From the top of the entries, reproduce each line exactly, stopping after the line that contains "作为家中最小的孩子,小时候的梅艳芳并没有享受到特别的宠爱.". Omit pictures.

[[ Material provided, beginning ]]

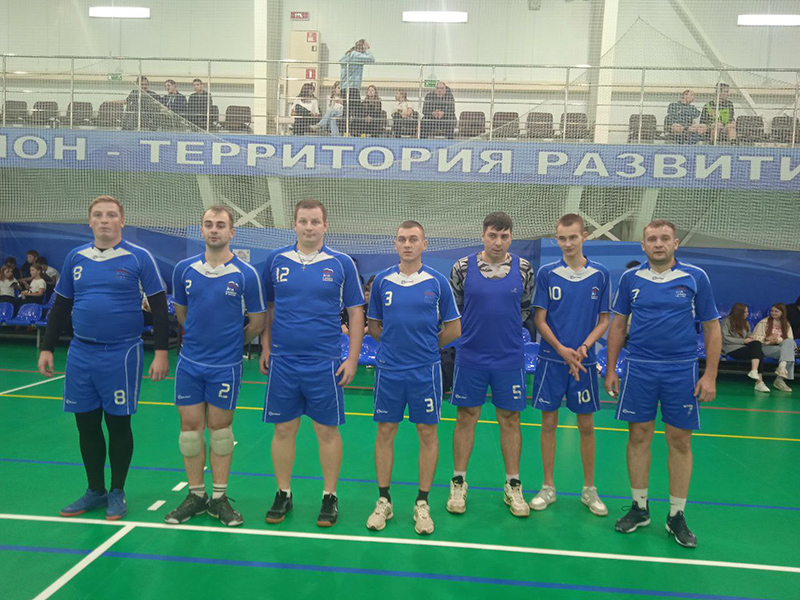 18 ноября в р.п. Татищево прошел областной турнир по волейболу среди мужских команд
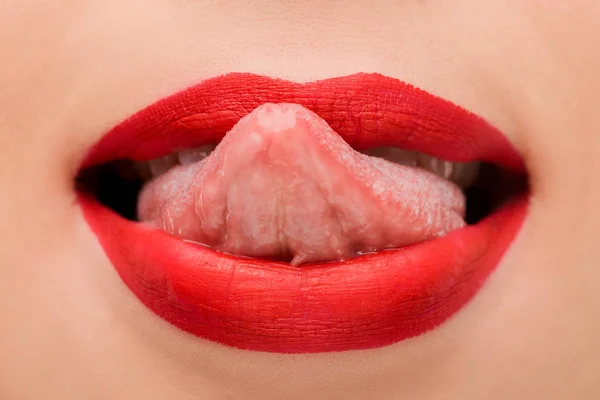 Recortado vista de chica con labios lápiz labial rojo lamiendo aislado en blanco - foto de stock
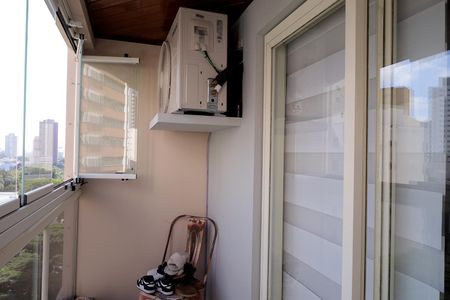 Apartamento à venda com 165m², 3 quartos e 2 vagas Apartamento à venda com 165m², 3 quartos e 2 vagasSacada sala 1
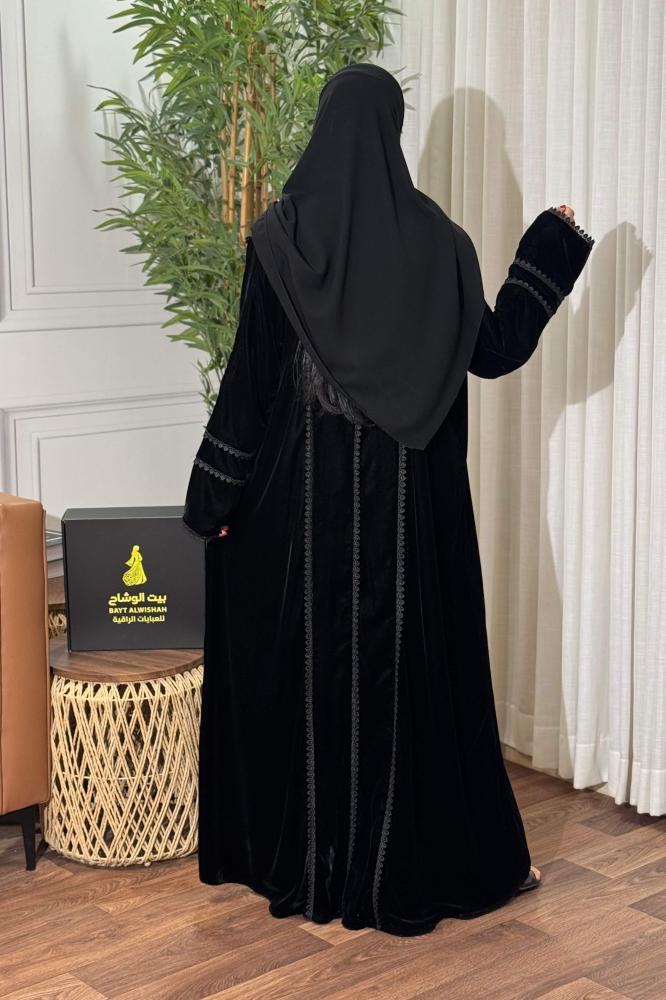 عبايات مخمل وتفته نص كلوش شتوية للمرأة الخليجية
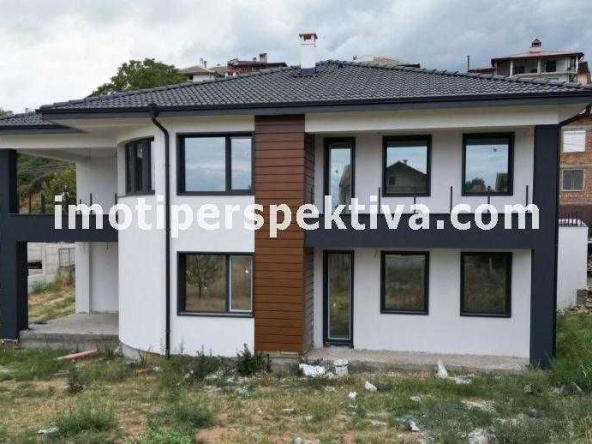 Къща в с. Първенец, Област Пловдив - 450 кв.м за 812 €/кв.м - Снимка #1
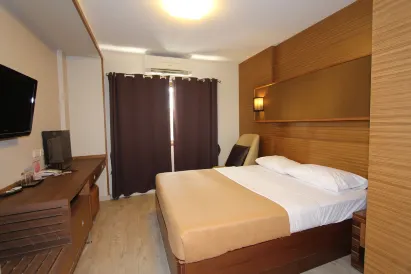 Honey Lodge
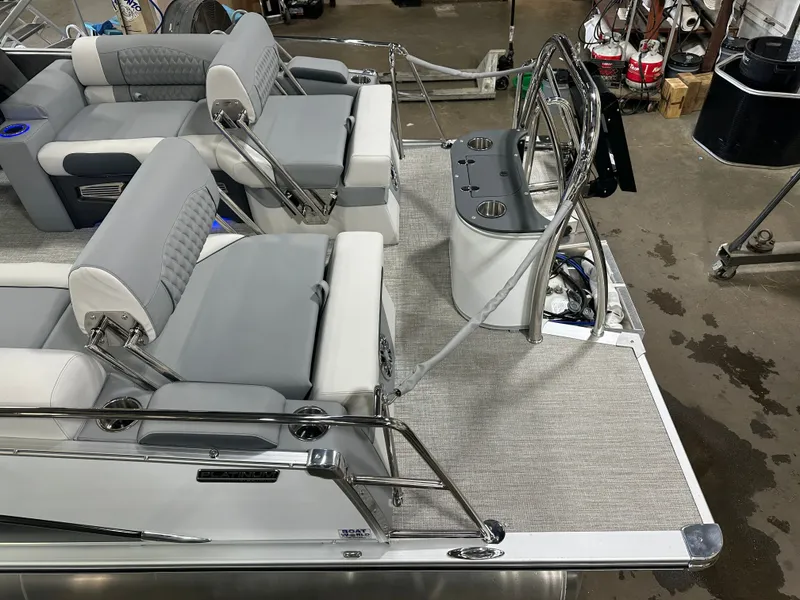 Slide: The Image of Tahoe Cascade QLS 2385 Quad Lounge Shift 2025 - 5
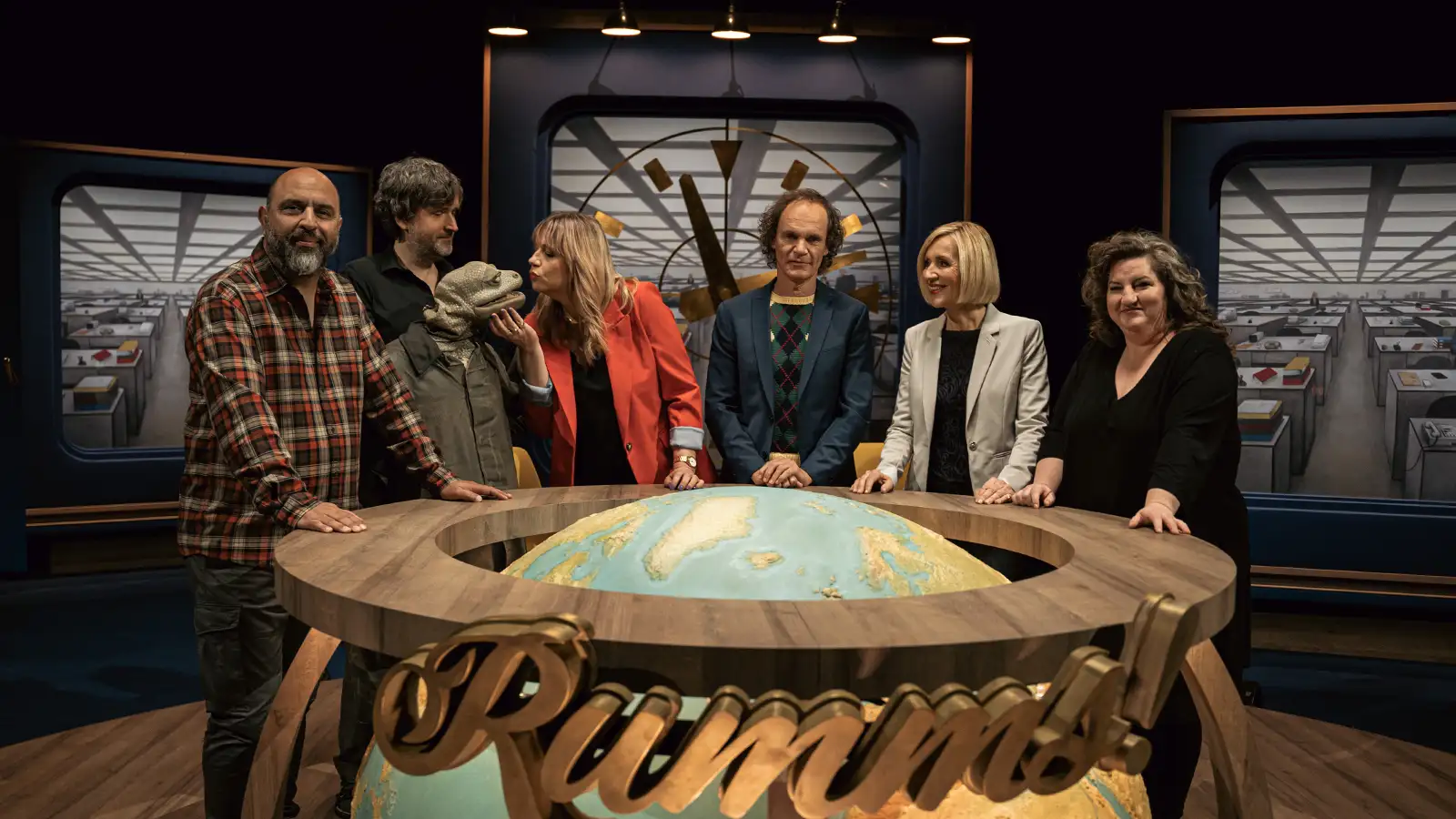 Mirja Regensburg im Ratepanel der Satire-Sendung RUMMS! mit Olaf Schubert und Kollegen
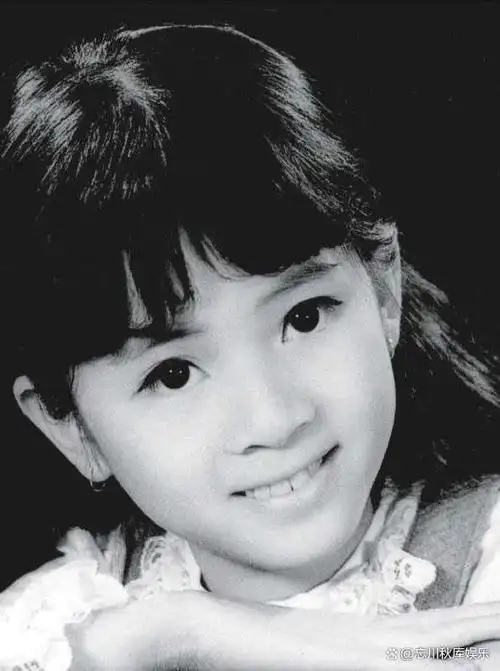 作为家中最小的孩子,小时候的梅艳芳并没有享受到特别的宠爱.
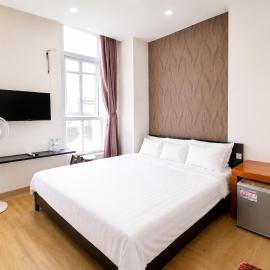 Phuong Thao Hotel - Near My Khe Beach - 400m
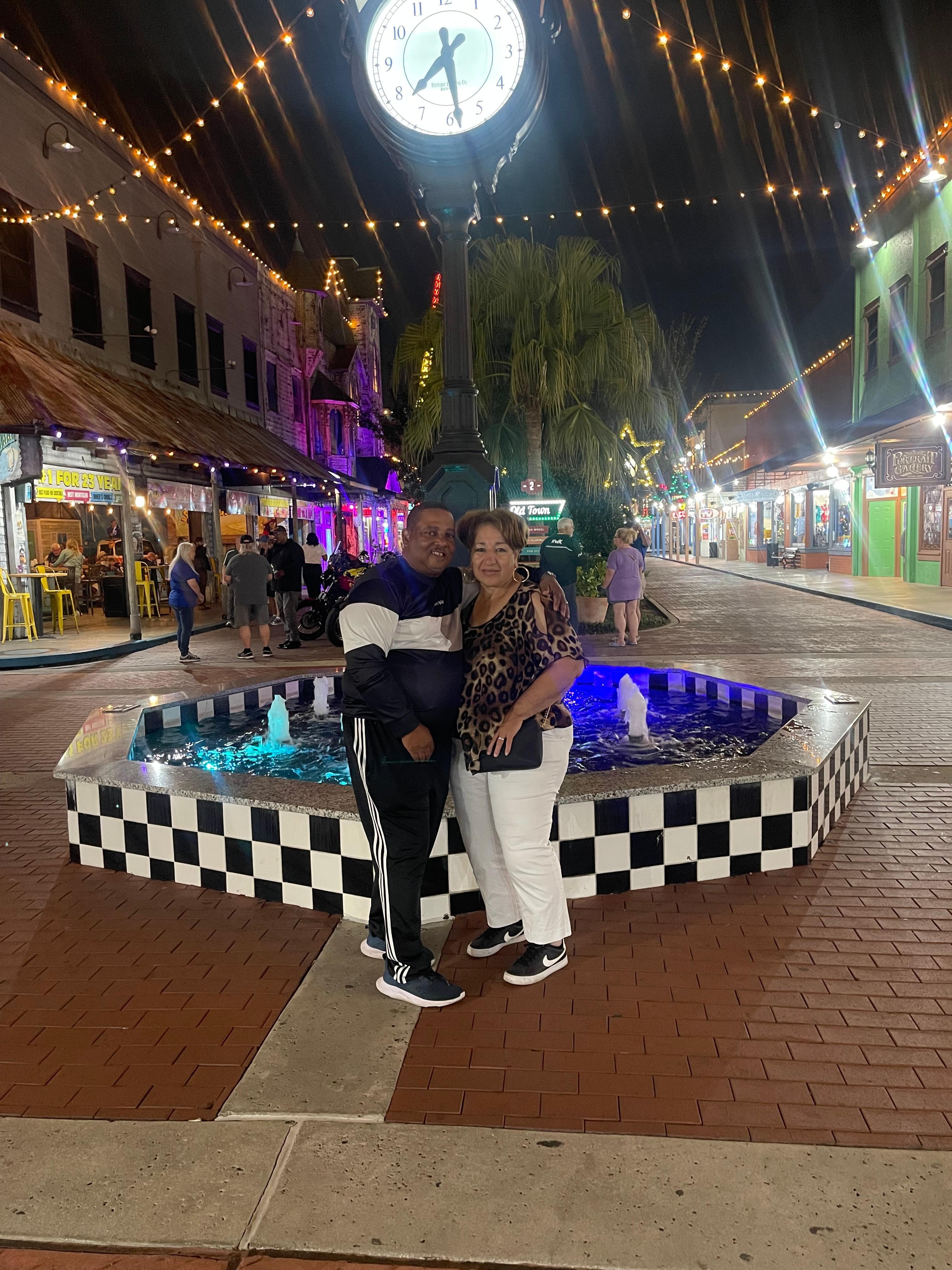 This was in old town there was karaoke, beautiful area entertainment lots of stores to shop in the area. The food amazing. Just had a great time they have car shows the day I went motorcycles show people dancing it’s just a really nice place to hang 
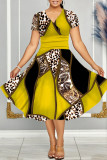 Желтое повседневное платье с коротким рукавом и V-образным вырезом в стиле пэчворк с принтом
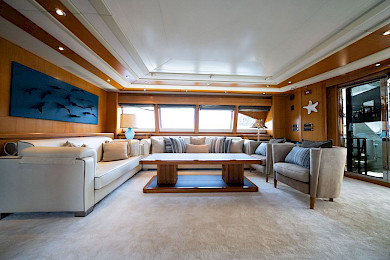 Yacht Ariela saloon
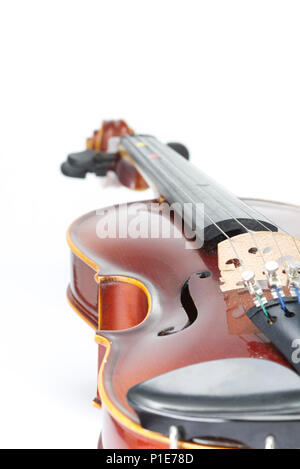 Violino isolato su uno sfondo bianco con profondità di campo ridotta. Strumento musicale. Il concetto di musica Foto Stock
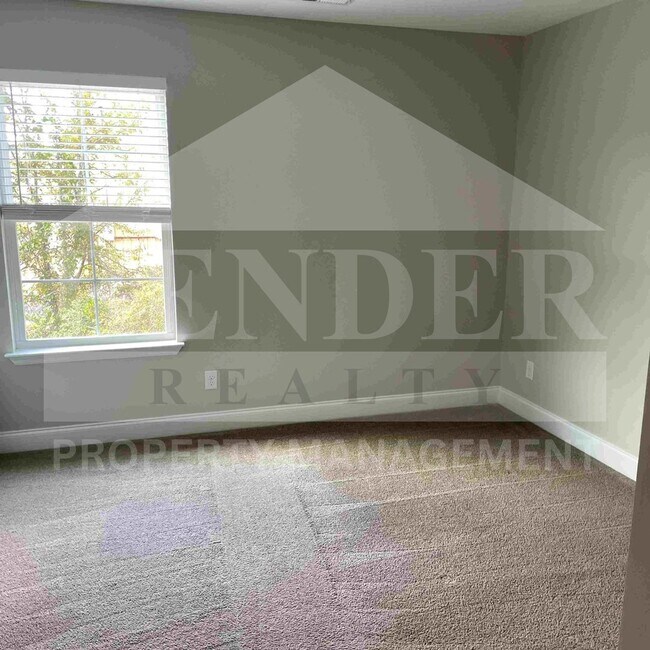 Building Photo - 638 NE Bellingham Dr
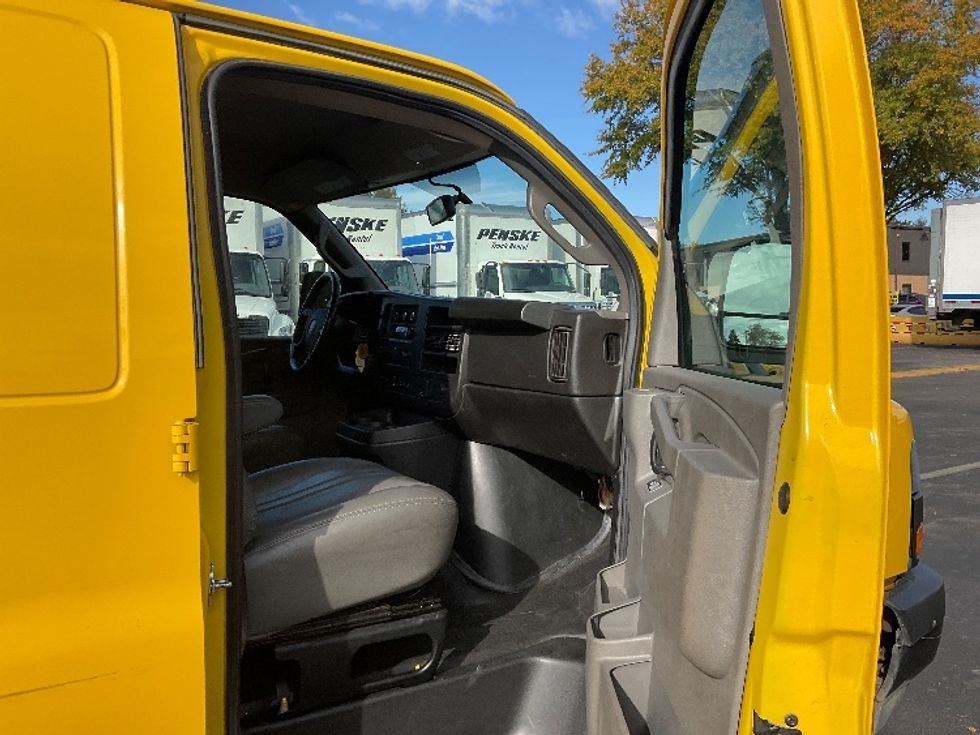 Cargo Van (Panel Van)-Light and Medium Duty Trucks-GMC-2022-Savana G23405-Capitol Heights-MD-117,360\n\t\tmiles-$ 20,500 - Image 20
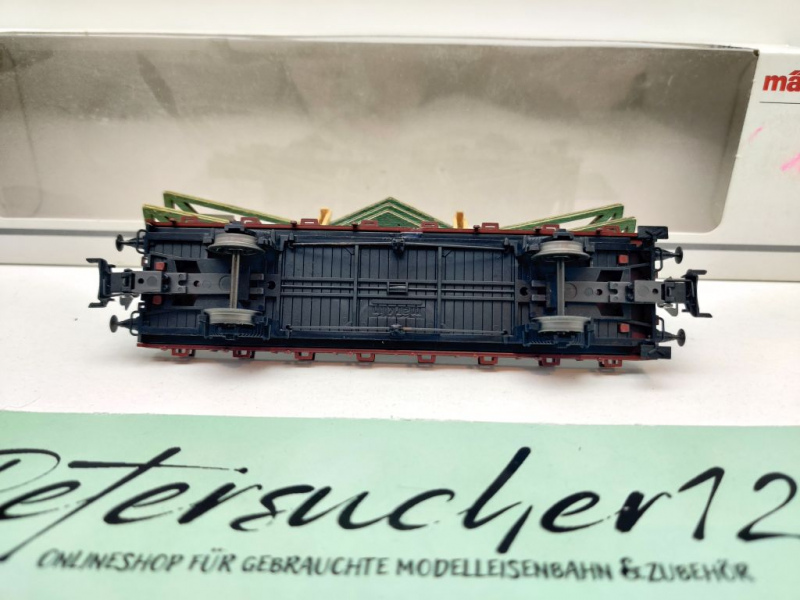 Märklin H0 AC 46362 Rungenwagen mit Fachwerk Dachbinden / R02 / NEM / DB / OVP weiß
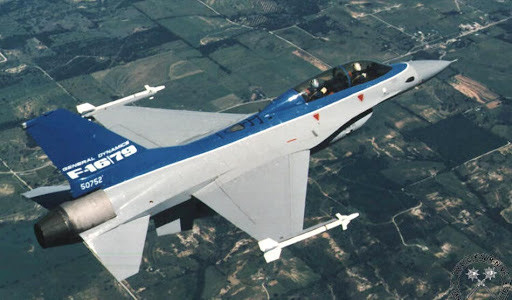 Do vậy những vũ khí mà Mỹ bán cho Trung Quốc đều là phiên bản xuất khẩu hoặc dùng cho dân sự, có tính năng hạn chế hơn nhiều so với phiên bản gốc, trong đó các loại máy bay không phải là ngoại lệ. Ảnh: Phiên bản xuất khẩu F-16 có tên mã F-16/79 mà Mỹ dự định bán cho Trung Quốc, đã bị cắt giảm nhiều tính năng - Nguồn: f-16.net.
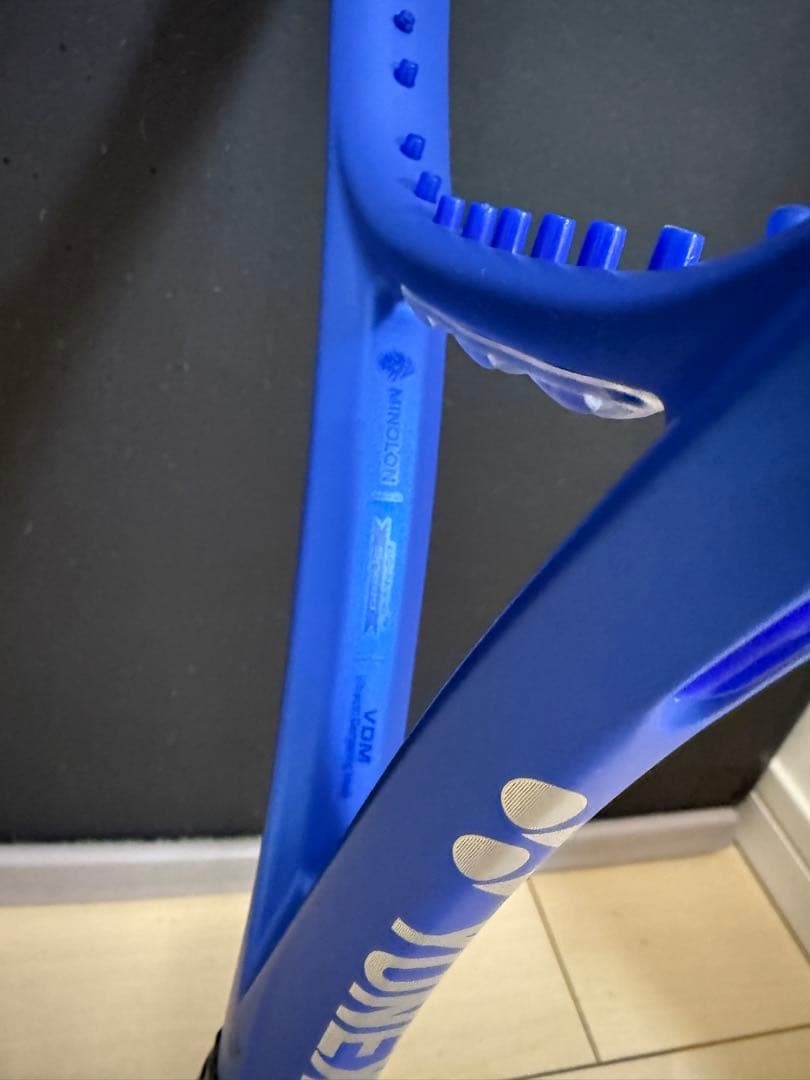 YONEX Eゾーン 100l テニスラケット
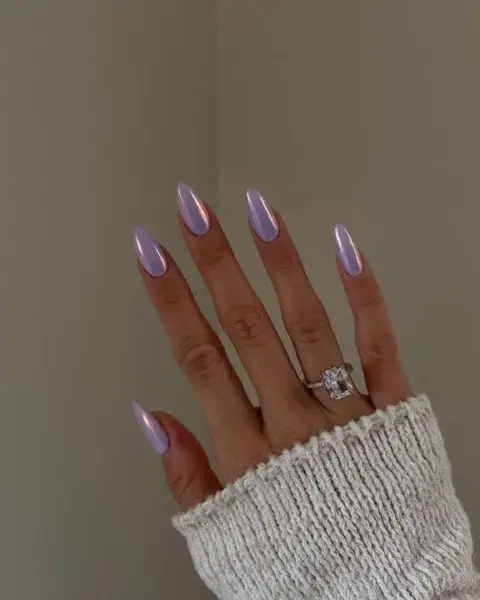 El lila es otro de los colores de moda esta temporada y en brillante, es otra opción súper divertida. El lila es otro de los colores de moda esta temporada y en brillante, es otra opción súper divertida.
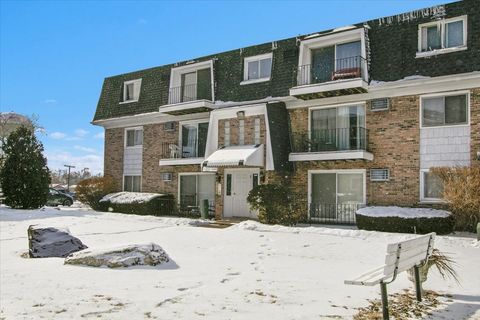 Tiny photo for 10310 Ridgeland Avenue #208, Chicago Ridge, IL 60415 (MLS # 12562541)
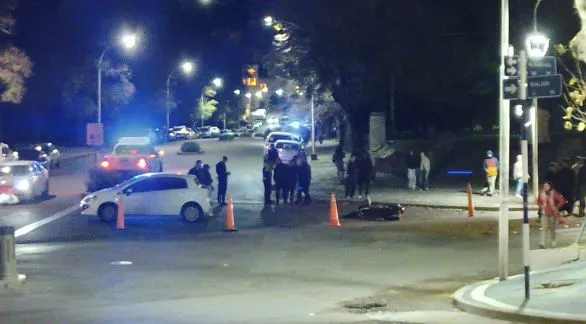 Choque en Avellaneda e Illia: un joven motociclista trasladado al Hospital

[[ Material provided, end ]]

### Response:
 18 ноября в р.п. Татищево прошел областной турнир по волейболу среди мужских команд
 Recortado vista de chica con labios lápiz labial rojo lamiendo aislado en blanco - foto de stock
 Apartamento à venda com 165m², 3 quartos e 2 vagas Apartamento à venda com 165m², 3 quartos e 2 vagasSacada sala 1
 عبايات مخمل وتفته نص كلوش شتوية للمرأة الخليجية
 Къща в с. Първенец, Област Пловдив - 450 кв.м за 812 €/кв.м - Снимка #1
 Honey Lodge
 Slide: The Image of Tahoe Cascade QLS 2385 Quad Lounge Shift 2025 - 5
 Mirja Regensburg im Ratepanel der Satire-Sendung RUMMS! mit Olaf Schubert und Kollegen
 作为家中最小的孩子,小时候的梅艳芳并没有享受到特别的宠爱.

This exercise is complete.